Input material START

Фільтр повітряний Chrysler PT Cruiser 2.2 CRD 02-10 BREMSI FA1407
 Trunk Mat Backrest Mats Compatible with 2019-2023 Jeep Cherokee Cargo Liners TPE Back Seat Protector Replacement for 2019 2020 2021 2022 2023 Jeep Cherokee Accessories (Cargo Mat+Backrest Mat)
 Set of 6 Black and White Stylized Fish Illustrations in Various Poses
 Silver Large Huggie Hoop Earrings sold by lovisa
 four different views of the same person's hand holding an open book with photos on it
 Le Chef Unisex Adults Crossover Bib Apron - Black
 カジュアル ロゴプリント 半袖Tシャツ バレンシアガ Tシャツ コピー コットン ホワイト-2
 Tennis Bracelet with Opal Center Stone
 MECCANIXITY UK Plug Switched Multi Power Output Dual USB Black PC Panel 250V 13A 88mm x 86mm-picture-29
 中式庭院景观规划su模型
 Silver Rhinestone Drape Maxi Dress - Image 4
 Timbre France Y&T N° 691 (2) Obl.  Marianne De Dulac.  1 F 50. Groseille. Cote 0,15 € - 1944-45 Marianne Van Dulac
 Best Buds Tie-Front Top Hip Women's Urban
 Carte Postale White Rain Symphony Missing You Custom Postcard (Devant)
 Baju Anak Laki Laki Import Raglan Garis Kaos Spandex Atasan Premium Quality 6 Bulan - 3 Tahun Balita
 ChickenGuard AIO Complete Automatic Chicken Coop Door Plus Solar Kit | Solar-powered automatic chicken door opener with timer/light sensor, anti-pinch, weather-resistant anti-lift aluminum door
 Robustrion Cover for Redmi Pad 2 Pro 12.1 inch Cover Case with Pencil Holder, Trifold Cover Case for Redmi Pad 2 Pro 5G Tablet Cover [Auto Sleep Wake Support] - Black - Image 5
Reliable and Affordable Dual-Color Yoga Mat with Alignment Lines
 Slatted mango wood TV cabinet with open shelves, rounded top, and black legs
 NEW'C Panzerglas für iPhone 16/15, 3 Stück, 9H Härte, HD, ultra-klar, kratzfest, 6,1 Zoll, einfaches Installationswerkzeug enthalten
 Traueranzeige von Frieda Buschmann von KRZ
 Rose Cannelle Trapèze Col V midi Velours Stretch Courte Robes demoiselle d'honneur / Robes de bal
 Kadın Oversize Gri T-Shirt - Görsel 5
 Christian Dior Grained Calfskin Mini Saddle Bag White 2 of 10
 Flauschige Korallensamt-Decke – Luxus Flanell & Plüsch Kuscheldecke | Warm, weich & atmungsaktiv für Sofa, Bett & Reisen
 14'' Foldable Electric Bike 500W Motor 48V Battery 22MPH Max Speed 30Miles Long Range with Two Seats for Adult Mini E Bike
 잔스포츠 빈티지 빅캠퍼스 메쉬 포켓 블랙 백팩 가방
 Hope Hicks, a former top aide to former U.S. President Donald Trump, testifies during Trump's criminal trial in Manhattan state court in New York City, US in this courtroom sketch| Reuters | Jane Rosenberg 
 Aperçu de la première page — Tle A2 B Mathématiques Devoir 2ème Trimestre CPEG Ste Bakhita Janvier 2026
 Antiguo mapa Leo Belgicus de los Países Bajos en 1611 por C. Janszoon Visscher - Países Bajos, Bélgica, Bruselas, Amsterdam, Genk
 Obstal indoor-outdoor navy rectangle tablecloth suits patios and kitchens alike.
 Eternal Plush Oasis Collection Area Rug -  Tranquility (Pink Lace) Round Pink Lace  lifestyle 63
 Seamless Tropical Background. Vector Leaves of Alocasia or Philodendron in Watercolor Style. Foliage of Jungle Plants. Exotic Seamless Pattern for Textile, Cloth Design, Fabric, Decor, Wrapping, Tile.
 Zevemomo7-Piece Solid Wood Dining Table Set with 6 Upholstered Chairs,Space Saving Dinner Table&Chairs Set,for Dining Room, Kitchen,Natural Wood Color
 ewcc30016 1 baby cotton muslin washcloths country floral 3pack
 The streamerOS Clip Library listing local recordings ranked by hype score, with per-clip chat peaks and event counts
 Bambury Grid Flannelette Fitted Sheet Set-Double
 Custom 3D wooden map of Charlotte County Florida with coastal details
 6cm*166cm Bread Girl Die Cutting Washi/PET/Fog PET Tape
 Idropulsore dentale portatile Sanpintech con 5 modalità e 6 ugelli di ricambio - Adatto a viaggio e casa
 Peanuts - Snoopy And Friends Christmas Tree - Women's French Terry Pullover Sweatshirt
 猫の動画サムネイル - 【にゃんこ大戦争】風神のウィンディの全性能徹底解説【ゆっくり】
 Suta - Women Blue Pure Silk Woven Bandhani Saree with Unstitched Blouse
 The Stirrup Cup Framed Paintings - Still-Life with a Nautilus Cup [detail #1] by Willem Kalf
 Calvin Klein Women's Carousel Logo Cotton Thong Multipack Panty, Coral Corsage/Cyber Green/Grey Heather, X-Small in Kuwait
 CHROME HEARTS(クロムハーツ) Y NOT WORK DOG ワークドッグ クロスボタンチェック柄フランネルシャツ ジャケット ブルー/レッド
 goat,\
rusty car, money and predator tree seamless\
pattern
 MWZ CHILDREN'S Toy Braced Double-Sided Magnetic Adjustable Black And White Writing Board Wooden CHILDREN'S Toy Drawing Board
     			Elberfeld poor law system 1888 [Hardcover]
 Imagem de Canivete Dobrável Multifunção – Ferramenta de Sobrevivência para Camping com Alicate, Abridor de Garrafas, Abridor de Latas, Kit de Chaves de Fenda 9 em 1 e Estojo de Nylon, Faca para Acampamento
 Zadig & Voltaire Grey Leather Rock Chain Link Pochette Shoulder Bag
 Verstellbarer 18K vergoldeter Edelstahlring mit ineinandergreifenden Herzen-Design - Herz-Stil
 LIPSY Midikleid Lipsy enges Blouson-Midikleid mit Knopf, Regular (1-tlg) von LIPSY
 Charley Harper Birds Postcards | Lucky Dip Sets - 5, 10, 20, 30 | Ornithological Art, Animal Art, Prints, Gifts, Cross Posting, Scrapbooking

Input material END

All that should be written out is the stretch of lines above between the one holding "Trunk Mat Backrest" and the one holding "Baju Anak Laki", inclusive, exactly as given.

Answer for this exercise:
 Trunk Mat Backrest Mats Compatible with 2019-2023 Jeep Cherokee Cargo Liners TPE Back Seat Protector Replacement for 2019 2020 2021 2022 2023 Jeep Cherokee Accessories (Cargo Mat+Backrest Mat)
 Set of 6 Black and White Stylized Fish Illustrations in Various Poses
 Silver Large Huggie Hoop Earrings sold by lovisa
 four different views of the same person's hand holding an open book with photos on it
 Le Chef Unisex Adults Crossover Bib Apron - Black
 カジュアル ロゴプリント 半袖Tシャツ バレンシアガ Tシャツ コピー コットン ホワイト-2
 Tennis Bracelet with Opal Center Stone
 MECCANIXITY UK Plug Switched Multi Power Output Dual USB Black PC Panel 250V 13A 88mm x 86mm-picture-29
 中式庭院景观规划su模型
 Silver Rhinestone Drape Maxi Dress - Image 4
 Timbre France Y&T N° 691 (2) Obl.  Marianne De Dulac.  1 F 50. Groseille. Cote 0,15 € - 1944-45 Marianne Van Dulac
 Best Buds Tie-Front Top Hip Women's Urban
 Carte Postale White Rain Symphony Missing You Custom Postcard (Devant)
 Baju Anak Laki Laki Import Raglan Garis Kaos Spandex Atasan Premium Quality 6 Bulan - 3 Tahun Balita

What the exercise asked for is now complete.